Wearable Gardens
A Platform2 Participatory Performance, 2011
Arnold Arboretum, Boston, MA
Participants spread around the maple grove, picking out seeds that looked mature, dried, and worn. Around the seeds, participants packed dirt, moss, and leaves to protect them during the next 3-5 months, during which time they would travel north to where, as climate change continues to transform the temperatures and precipitation levels across the globe, the Sugar Maple will be more likely to survive.
Participants addressed the design challenge of making a wearable pocket that could travel on a human body, could keep the seeds moist and cool, and have some level of friction through its movement in order to keep the seeds alive. The creations varied: seed bearing scarves, an armpit band, a garter belt, a jacket sleeve and a pocket-on-a-stick. The items were decorated with embroidery, with lace, with yarn and with instructions. A map was attached to each Wearable Garden to aid in sending the seeds on their way north. The map included information on the various viable territories for the maple seed and how they may change between now and the year 2100, along with information on how to care for the seeds. It included 3 different highway routes up the East Coast, each ending in a different region in Canada projected to have the most conducive climate to Sugar Maples 100 years from now.

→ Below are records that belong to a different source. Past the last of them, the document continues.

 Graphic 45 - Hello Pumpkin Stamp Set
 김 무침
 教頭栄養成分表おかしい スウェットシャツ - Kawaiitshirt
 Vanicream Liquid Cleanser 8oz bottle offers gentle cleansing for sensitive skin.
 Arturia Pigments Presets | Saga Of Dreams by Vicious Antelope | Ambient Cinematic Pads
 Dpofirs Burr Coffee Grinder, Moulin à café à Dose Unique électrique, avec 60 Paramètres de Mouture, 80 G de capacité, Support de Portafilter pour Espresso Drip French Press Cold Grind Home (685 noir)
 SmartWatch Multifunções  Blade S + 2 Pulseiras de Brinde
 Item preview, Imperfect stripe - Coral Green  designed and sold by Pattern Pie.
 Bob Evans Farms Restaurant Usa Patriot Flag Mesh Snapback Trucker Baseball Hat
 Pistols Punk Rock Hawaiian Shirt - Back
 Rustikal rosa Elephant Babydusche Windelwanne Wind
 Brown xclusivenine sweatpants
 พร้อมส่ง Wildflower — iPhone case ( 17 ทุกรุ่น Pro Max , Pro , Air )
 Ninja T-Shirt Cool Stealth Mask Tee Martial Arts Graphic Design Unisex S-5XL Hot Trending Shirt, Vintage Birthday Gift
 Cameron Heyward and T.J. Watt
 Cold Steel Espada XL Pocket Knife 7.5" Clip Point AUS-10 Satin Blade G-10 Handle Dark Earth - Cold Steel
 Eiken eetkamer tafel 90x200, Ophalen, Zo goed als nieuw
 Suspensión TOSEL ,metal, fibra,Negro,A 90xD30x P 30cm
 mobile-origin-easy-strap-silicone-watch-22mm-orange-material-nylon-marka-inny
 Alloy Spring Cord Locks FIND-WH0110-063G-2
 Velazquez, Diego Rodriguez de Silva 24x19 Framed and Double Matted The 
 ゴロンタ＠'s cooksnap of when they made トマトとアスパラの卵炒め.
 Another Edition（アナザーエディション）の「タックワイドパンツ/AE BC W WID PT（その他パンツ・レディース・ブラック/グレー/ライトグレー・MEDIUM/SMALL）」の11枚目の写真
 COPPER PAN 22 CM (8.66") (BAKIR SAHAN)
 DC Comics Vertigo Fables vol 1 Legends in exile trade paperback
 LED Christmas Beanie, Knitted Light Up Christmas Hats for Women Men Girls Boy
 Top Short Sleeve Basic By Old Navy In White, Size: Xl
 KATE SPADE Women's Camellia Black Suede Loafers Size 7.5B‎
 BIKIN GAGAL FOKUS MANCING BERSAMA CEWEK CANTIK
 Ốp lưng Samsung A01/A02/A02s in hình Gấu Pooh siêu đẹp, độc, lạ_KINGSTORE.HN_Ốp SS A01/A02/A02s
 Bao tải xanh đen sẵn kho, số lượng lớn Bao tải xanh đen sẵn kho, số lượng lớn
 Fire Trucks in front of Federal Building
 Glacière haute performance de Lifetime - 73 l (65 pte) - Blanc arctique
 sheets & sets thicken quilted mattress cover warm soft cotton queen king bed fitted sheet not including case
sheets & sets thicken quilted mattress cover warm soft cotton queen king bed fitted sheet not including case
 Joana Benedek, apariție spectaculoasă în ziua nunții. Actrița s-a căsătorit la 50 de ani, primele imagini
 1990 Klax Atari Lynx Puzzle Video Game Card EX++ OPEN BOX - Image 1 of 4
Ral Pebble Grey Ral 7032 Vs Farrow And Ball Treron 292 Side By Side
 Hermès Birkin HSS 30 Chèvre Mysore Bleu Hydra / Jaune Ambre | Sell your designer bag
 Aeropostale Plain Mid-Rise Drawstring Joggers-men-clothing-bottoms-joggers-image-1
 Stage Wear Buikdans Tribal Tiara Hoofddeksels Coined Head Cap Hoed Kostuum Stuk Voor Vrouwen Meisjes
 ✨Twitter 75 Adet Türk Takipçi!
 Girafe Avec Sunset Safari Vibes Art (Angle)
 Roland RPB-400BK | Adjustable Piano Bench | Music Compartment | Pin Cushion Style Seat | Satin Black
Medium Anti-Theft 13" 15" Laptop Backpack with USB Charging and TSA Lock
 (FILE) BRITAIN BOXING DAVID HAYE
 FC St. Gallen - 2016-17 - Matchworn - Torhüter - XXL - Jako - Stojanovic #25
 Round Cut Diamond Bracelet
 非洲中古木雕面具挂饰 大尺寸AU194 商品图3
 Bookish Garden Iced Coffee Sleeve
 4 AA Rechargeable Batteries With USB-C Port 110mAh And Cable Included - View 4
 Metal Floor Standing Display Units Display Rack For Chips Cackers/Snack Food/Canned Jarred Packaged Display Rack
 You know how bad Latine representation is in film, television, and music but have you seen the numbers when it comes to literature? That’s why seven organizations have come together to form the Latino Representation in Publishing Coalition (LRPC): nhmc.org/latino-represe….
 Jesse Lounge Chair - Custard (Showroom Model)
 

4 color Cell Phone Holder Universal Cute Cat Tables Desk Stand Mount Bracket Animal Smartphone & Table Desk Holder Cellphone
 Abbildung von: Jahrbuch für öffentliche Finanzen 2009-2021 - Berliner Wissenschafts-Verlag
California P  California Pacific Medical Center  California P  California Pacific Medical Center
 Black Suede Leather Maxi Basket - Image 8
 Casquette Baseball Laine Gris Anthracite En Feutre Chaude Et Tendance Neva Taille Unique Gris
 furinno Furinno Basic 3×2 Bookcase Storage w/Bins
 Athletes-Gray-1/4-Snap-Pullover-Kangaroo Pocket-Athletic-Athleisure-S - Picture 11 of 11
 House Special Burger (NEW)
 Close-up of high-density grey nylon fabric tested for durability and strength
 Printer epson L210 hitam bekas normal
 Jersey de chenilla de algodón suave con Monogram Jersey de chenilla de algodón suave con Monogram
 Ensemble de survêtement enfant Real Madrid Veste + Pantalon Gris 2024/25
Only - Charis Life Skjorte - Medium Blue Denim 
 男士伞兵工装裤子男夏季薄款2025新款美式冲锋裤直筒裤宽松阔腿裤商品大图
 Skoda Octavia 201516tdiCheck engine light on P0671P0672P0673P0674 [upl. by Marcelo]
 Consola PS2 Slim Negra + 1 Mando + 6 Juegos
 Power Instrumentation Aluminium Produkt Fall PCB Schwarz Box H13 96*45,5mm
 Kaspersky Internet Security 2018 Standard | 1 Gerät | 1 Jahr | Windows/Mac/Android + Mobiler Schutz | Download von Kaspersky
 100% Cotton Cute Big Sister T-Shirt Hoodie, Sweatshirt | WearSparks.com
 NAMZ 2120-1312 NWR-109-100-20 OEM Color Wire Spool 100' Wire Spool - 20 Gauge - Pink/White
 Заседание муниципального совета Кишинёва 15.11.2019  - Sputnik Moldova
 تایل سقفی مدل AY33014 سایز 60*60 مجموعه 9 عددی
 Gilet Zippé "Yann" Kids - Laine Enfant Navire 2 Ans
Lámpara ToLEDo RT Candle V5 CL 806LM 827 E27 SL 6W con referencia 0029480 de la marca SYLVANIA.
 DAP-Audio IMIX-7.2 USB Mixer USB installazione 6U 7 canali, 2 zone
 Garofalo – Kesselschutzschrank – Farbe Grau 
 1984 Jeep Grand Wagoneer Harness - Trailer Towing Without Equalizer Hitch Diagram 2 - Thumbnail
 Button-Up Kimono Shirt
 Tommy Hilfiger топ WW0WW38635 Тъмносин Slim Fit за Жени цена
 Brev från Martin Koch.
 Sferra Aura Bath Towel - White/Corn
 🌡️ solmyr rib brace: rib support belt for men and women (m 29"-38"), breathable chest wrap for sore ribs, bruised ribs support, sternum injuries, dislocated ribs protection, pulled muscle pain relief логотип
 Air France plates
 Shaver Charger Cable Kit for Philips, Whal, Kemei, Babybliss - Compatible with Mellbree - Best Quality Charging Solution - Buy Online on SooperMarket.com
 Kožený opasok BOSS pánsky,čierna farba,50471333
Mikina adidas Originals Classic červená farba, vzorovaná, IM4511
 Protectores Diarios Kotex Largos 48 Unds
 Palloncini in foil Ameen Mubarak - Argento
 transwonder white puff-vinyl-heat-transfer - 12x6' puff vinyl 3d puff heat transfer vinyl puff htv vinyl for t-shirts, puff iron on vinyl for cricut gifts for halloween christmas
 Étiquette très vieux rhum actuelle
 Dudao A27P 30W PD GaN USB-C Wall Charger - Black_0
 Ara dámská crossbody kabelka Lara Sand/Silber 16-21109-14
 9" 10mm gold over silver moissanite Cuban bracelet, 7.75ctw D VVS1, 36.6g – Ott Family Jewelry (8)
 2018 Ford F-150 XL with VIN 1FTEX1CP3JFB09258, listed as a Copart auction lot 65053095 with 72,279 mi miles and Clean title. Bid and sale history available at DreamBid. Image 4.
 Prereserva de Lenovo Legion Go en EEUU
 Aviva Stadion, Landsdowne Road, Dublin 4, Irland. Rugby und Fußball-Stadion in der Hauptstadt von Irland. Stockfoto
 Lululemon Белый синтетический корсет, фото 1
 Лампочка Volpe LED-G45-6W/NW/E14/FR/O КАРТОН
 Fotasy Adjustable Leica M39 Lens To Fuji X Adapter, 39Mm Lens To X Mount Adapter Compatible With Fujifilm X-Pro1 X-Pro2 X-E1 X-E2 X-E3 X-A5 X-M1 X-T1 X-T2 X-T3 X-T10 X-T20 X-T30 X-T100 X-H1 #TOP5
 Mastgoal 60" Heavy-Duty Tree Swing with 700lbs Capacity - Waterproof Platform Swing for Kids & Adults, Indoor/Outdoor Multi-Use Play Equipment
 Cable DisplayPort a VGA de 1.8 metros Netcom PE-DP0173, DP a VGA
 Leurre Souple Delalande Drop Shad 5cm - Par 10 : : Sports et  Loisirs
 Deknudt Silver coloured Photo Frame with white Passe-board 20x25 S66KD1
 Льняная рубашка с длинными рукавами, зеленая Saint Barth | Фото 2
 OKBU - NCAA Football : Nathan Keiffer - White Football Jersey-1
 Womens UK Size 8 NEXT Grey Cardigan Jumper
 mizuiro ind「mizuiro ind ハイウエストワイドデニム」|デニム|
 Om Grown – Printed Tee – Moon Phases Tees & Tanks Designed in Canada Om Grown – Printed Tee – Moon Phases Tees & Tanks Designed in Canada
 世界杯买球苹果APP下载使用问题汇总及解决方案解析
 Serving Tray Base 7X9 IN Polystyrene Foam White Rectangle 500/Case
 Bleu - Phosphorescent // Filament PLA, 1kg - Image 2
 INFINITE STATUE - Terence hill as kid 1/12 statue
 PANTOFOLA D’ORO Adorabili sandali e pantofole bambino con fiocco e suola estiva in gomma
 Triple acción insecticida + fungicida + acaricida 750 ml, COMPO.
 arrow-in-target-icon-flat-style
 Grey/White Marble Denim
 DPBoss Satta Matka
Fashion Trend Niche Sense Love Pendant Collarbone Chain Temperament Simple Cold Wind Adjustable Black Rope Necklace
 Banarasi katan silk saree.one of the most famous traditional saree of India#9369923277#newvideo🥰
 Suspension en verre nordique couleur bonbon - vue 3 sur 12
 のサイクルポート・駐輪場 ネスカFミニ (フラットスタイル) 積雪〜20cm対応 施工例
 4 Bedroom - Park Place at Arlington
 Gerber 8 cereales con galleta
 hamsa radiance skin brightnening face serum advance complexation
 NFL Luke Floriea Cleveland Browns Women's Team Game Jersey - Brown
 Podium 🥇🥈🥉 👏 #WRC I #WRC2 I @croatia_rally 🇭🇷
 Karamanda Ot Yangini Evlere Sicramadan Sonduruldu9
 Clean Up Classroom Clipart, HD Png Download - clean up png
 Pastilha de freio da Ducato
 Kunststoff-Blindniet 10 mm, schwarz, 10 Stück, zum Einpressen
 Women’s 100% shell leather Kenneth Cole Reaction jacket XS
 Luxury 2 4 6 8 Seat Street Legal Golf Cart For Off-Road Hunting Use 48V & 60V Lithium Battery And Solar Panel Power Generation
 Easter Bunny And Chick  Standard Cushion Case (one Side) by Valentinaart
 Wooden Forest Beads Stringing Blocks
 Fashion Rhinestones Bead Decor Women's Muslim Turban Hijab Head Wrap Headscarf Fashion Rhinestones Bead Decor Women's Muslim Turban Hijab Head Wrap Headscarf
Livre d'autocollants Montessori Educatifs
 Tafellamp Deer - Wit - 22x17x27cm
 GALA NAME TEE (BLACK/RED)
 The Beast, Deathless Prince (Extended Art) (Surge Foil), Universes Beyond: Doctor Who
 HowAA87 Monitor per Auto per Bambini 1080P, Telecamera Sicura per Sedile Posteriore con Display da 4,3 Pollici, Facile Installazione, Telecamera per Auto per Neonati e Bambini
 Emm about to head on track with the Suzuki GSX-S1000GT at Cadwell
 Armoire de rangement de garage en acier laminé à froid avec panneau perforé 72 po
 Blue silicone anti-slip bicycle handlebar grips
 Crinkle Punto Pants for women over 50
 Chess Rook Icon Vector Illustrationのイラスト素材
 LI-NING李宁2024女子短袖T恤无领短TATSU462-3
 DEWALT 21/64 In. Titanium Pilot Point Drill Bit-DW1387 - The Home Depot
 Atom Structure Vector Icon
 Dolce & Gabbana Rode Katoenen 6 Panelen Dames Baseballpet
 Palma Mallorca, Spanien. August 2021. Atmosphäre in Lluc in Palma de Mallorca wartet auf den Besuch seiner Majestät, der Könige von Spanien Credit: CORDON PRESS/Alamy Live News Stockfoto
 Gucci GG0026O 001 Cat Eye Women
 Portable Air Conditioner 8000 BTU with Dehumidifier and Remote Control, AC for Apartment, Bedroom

The wearable gardens could be transported by their creators, or left for others to pick up and bring on the next leg of the journey. Each participant had ideas in mind of where they would leave their gardens. One participant was on his way to Maine that very weekend and intended to leave it at a maple-sugaring shack. Another was headed to Vermont. Yet another had plans to visit a CSA farm, also in Maine, and planned to leave her creations there. Regardless of their destination, these gardens served both as earnest attempts to assist in this plant’s migration and potential for survival, as well as conversation instigators about the tangible changes to an iconic member of the New England landscape due to the human impact on the environment.